From: Petar Penkov <ppenkov.kernel@gmail.com>
To: netdev@vger.kernel.org, bpf@vger.kernel.org
Cc: davem@davemloft.net, ast@kernel.org, daniel@iogearbox.net,
edumazet@google.com, lmb@cloudflare.com, sdf@google.com,
Petar Penkov <ppenkov@google.com>
Subject: [bpf-next RFC 0/6] Introduce a BPF helper to generate SYN cookies
Date: Mon, 15 Jul 2019 17:26:44 -0700 [thread overview]

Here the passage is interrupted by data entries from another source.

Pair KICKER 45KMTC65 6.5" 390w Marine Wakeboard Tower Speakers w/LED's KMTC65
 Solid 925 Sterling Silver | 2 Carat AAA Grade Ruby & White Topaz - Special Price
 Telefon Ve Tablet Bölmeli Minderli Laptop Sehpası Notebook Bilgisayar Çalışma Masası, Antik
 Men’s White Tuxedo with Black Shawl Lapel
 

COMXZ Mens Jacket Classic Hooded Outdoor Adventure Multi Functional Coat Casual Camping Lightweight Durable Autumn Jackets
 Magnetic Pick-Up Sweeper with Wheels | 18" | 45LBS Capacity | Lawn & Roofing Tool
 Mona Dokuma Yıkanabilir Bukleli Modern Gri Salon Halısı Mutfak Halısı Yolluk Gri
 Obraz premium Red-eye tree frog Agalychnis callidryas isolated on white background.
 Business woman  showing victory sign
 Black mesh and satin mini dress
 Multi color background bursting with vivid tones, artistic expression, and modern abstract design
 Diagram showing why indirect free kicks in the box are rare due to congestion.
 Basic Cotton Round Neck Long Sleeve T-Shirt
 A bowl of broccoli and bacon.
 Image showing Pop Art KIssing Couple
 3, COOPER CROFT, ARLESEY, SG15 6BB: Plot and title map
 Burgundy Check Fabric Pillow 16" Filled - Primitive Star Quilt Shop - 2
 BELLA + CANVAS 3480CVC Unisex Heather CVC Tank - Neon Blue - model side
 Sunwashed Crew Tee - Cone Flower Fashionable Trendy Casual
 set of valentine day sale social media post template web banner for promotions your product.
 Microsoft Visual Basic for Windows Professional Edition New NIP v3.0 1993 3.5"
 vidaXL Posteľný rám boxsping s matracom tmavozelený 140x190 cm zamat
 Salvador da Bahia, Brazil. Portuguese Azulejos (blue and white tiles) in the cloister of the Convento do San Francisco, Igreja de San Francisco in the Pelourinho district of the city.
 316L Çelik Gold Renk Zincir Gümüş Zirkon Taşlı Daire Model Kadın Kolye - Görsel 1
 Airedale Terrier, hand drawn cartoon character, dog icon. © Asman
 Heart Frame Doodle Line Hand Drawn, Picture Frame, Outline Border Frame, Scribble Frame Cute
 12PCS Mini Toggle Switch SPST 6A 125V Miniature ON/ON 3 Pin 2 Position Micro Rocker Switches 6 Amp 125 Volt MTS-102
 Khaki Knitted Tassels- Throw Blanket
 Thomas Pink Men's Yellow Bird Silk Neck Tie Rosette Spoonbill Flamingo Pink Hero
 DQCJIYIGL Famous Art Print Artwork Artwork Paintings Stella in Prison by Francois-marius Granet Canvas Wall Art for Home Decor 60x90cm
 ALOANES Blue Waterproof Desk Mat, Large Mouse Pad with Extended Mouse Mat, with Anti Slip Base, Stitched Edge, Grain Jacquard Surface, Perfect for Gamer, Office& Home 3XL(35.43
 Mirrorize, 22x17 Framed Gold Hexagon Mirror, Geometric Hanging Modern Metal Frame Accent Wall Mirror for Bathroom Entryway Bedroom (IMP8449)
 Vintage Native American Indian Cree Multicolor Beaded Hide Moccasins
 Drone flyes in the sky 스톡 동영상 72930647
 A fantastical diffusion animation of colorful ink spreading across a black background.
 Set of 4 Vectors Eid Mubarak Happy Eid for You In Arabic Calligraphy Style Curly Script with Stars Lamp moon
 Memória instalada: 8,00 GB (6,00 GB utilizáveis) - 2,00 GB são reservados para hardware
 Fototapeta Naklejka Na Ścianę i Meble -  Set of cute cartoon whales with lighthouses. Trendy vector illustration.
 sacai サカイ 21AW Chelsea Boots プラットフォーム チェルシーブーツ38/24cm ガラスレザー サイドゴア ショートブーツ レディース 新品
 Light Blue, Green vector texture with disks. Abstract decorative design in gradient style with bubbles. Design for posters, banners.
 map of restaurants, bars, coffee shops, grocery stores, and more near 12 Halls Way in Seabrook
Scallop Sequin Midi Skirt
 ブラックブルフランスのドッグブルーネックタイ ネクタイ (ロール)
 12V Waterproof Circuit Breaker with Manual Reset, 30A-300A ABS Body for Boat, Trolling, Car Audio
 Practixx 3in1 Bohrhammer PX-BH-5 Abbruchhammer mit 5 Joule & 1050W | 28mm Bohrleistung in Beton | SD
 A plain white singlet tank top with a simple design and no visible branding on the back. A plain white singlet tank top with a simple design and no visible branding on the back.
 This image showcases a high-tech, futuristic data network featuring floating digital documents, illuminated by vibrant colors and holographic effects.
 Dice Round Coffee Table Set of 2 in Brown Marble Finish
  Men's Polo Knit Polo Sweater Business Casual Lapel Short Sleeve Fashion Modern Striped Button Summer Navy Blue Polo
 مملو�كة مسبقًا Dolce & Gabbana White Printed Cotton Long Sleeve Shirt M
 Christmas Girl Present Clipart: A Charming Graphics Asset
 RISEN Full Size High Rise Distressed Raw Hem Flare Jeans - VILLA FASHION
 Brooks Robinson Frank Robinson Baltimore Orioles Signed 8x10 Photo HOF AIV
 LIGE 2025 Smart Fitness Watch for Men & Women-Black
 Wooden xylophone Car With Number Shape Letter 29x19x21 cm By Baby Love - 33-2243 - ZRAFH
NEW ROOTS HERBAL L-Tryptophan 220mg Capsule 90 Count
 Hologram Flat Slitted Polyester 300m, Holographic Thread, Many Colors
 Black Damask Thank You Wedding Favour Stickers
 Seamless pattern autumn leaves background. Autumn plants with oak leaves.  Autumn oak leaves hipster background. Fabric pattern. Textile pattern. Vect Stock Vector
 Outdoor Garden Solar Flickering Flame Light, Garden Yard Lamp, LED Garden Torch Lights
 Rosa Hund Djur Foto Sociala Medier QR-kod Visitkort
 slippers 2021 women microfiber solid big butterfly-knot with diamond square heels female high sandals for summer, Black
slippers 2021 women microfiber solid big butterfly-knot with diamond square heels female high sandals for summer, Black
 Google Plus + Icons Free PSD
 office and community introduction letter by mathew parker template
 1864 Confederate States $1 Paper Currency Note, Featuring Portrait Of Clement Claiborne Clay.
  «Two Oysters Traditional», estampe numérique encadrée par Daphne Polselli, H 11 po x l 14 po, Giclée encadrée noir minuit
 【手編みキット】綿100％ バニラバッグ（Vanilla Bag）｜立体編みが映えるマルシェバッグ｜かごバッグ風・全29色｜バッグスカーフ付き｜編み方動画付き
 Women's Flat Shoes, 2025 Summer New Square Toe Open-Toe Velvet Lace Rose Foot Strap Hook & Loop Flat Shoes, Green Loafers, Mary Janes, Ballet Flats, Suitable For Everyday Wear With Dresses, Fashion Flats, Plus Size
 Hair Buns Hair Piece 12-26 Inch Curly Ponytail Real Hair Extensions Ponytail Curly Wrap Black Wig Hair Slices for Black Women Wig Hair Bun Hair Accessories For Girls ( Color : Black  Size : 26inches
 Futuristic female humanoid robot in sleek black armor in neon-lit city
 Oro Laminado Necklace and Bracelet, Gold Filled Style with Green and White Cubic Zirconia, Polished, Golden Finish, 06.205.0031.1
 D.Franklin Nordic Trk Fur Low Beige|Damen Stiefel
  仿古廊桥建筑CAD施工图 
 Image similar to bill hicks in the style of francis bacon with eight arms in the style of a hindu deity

Message-ID: <20190716002650.154729-1-ppenkov.kernel@gmail.com> (raw)
From: Petar Penkov <ppenkov@google.com>
This patch series introduces a BPF helper function that allows generating SYN
cookies from BPF.
The first two patches in the series modify several TCP helper functions to
allow for SKB-less operation, as is the case with XDP.
The third patch introduces the bpf_tcp_gen_syncookie helper function which
generates a SYN cookie for either XDP or TC programs.
The last three patches sync tools/ and add a test.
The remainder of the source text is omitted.